Het rapport van Kilgour en Matas bevat een van de meest huiveringwekkende vragen en antwoorden die je waarschijnlijk ooit zult lezen. Neem dit fragment uit de 'vraag en antwoord'-sectie van de Chinese transplantatiewebsite:
Voor de niertransplantatie bij leven zorgen we voor de nierfunctie van de donor... Het is dus veiliger dan in andere landen waar het orgaan niet van een levende donor is.
V: Zijn de organen voor de alvleeskliertransplantatie(s) afkomstig van hersendood (sic) (dode) patiënten?
A: Onze organen komen niet van hersendoodslachtoffers omdat de toestand van het orgaan misschien niet goed is.
Mensen wonen een kunsttentoonstelling bij van AAFOH (Artists Against Forced Organ Harvesting) in New York op 10 mei 2016. (Benjamin Chasteen/Epoch Times)
Kunst en tragedie
De kunstenaars in de alliantie zijn zich terdege bewust van het bewijs en de statistieken met betrekking tot de misdaden tegen de menselijkheid gepleegd door het Chinese regime.
Li, een Canadees staatsburger, heeft dit aan den lijve ondervonden toen haar man in een werkkamp zat, maar uiteindelijk werd gered door de Canadese regering.
Een andere kunstenaar in de tentoonstelling, Zhang Cuiying, is een Chinees-Australische kunstenaar en burger die acht maanden illegaal in China werd vastgehouden, gedurende welke tijd ze martelingen, afranselingen en hersenspoelingslessen moest doorstaan om haar te dwingen Falun Gong af te zweren. Ze werd gered door de Australische regering en keerde terug naar Australië, waar ze blijft schilderen en mensen bewust maakt van de voortdurende vervolging.

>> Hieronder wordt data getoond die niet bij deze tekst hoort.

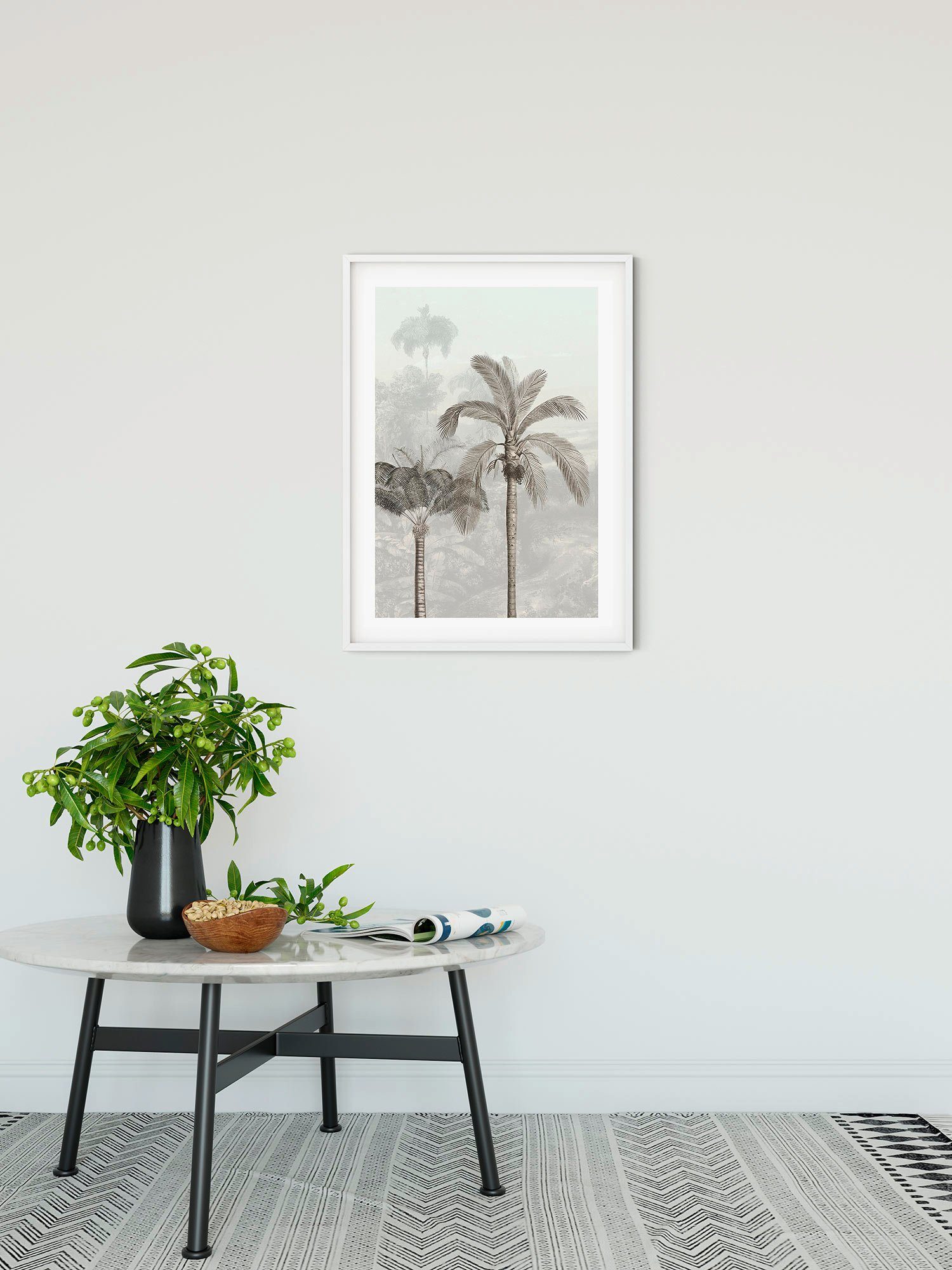 Komar Wanddecoratie Jungle Panorama Wanddecoratie - zonder lijst (1 stuk)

“Toen ik werd gemarteld, waren er veel Falun Gong beoefenaars in hetzelfde werkkamp. Ik had het geluk dat de Australische regering me redde, maar er zijn zoveel mensen die niemand voor hen kan spreken. Ik wil mijn schilderijen gebruiken om ze aan te spreken”, schreef Zhang in de verklaring die ze samen met haar schilderijen naar het evenement stuurde.

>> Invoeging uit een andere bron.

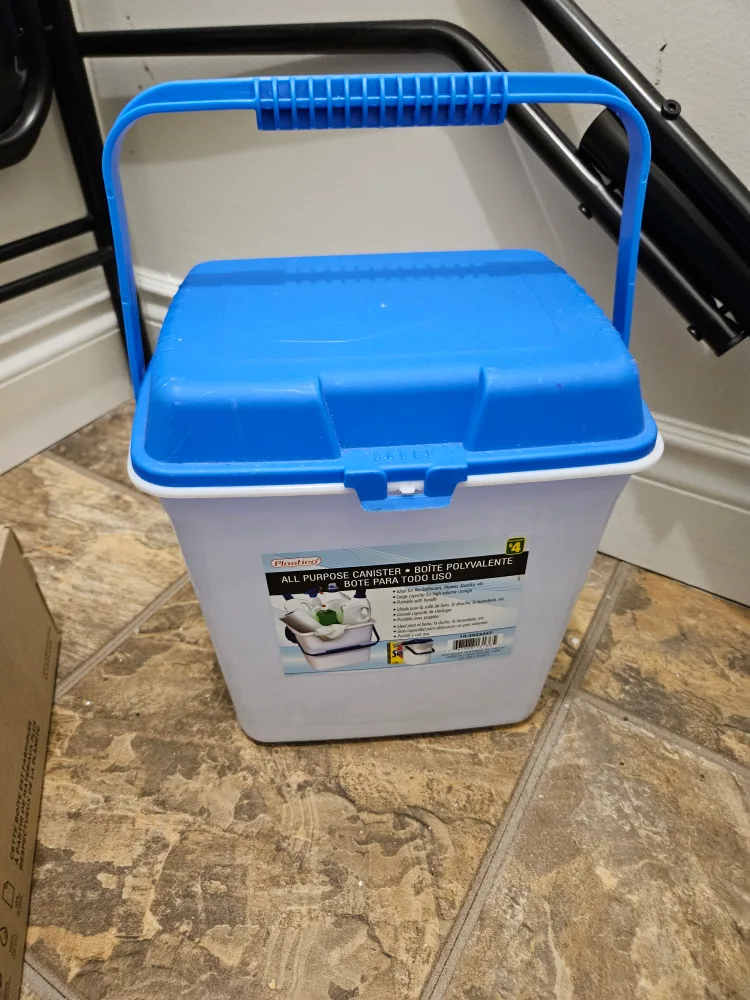 New Plastic Storage Container thumbnail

De kunstenaars hopen dat hun kunst het plaatje compleet kan maken voor mensen die zich niet bewust zijn van, of onaangetast zijn, door de genocide die heimelijk plaatsvindt in China in deze ongekende tijd in de geschiedenis, wanneer China het land is dat door naties over de hele wereld het meest wordt gestreefd naar economisch voordeel .
Het is niet allemaal tragedie. Onder de werken is een schilderij dat een betere toekomst symboliseert.

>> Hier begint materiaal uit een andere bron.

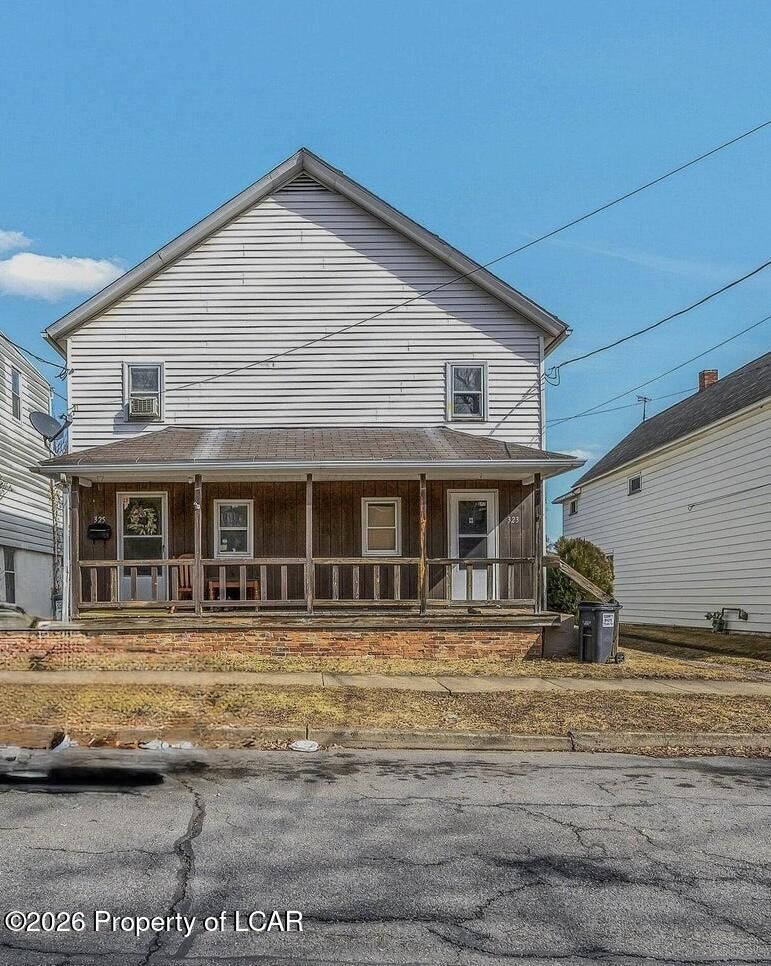 Property Photo:  323 Vaughn Street  PA 18709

Een van Zhang Cuiying's schilderijen is een zelfportret van haar die mediteert op lotusbladeren omringd door lotusbloemen in volle bloei - een herinnering aan de schoonheid en rust van Falun Dafa, de reden waarom zovelen zijn gestorven in plaats van hun geloof op te geven, en een symbool van datgene wat de tragedie zal overwinnen: hoop.